Over all, each of the approaches covered here has its strengths and weaknesses. I will very likely come back to this with a more comprehensive set of benchmarks, comparing the effects of various options and optimizations, as well as more than just the function evaluations.
Appendix
In the making of this post, I made a number of rookie mistakes. I list the biggest ones here for the record.
I initially made the mistake of putting my parameters in arrays instead of tuples. This can dramatically affect performance. Always use tuples.
Another mistake was running the first benchmark in a Jupyter notebook. For some reason, the results are slightly different there. In particular, the hand-crafted versions outperform ModelingToolkit (on my laptop). Be careful what environment you’re running your benchmarks on.
The difference between using Sparse and Dense matmuls is obviously highly dependent on the actual graph being used. A draft of this post used Erdos-Renyi graphs for the second benchmark, in which case both matmuls were about even as the Laplacian matrix wasn’t sparse enough.

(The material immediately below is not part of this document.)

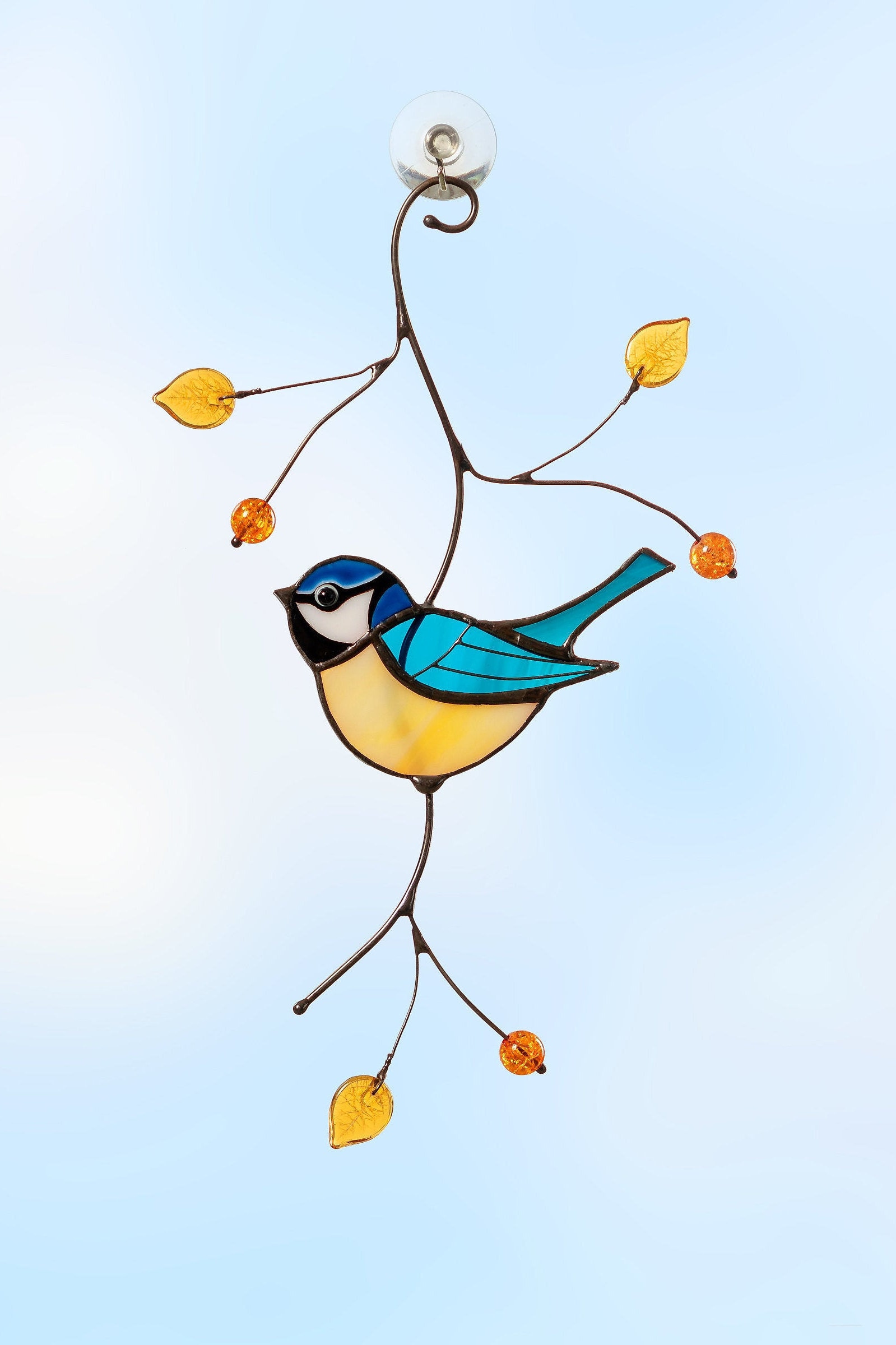 Chickadee stained glass suncatcher British bird stained glass Etsy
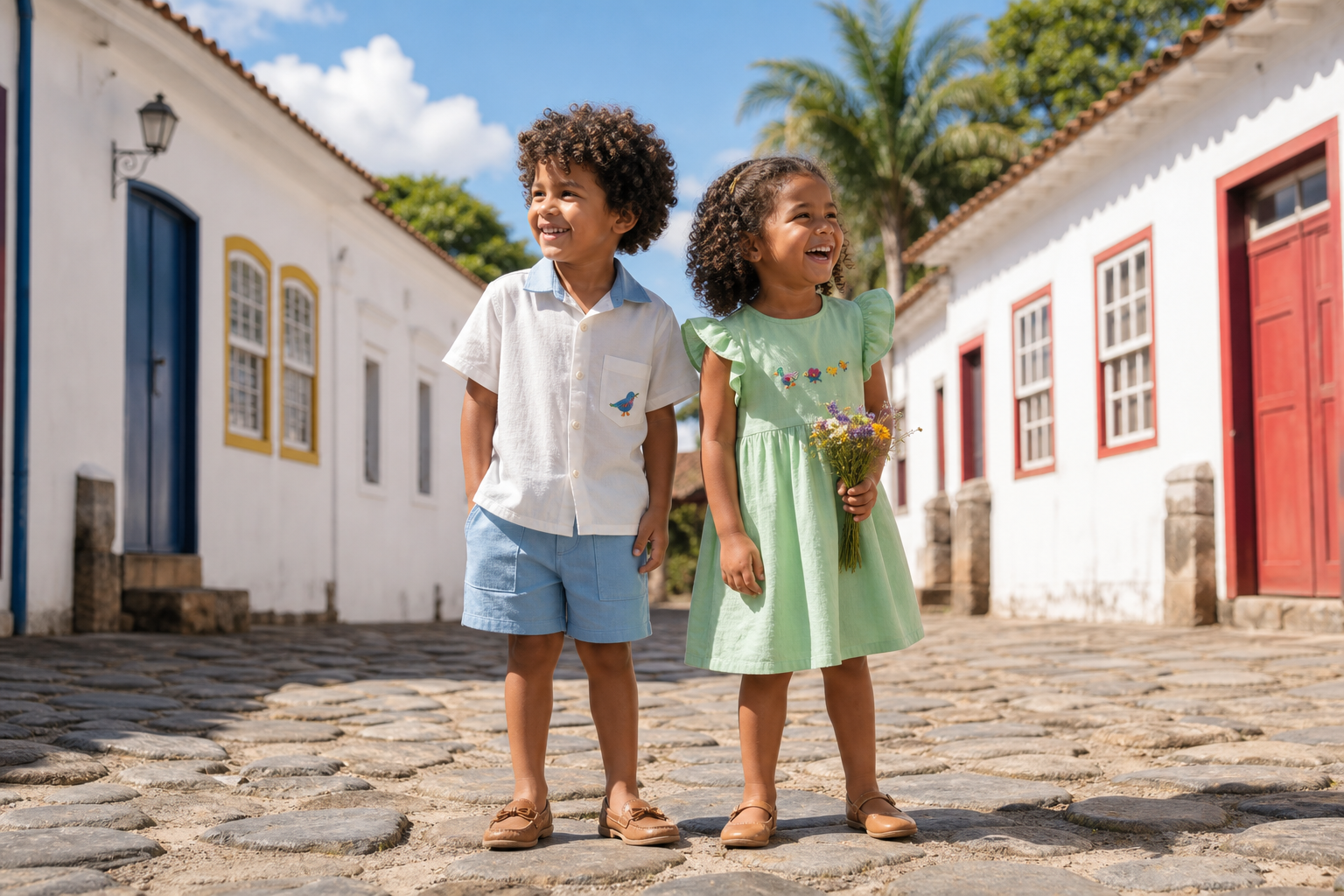 Menino e menina arrumados com peças de linho claro e bordado à mão em rua histórica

As was pointed out by one of the NetworkDynamics.jl devs, ModelingToolkit also provides Jacobians, which gives it a big advantage over the two other approaches when actually solving the ODEs, which cannot be appreciated when only looking at the ODE function evaluations.
One thing I didn’t use here, but tried and failed to get working a while ago is using Split ODEs to separate between the local nonlinear dynamics and the linear coupling dynamics. I don’t expect this to affect the ODE function performance in this case.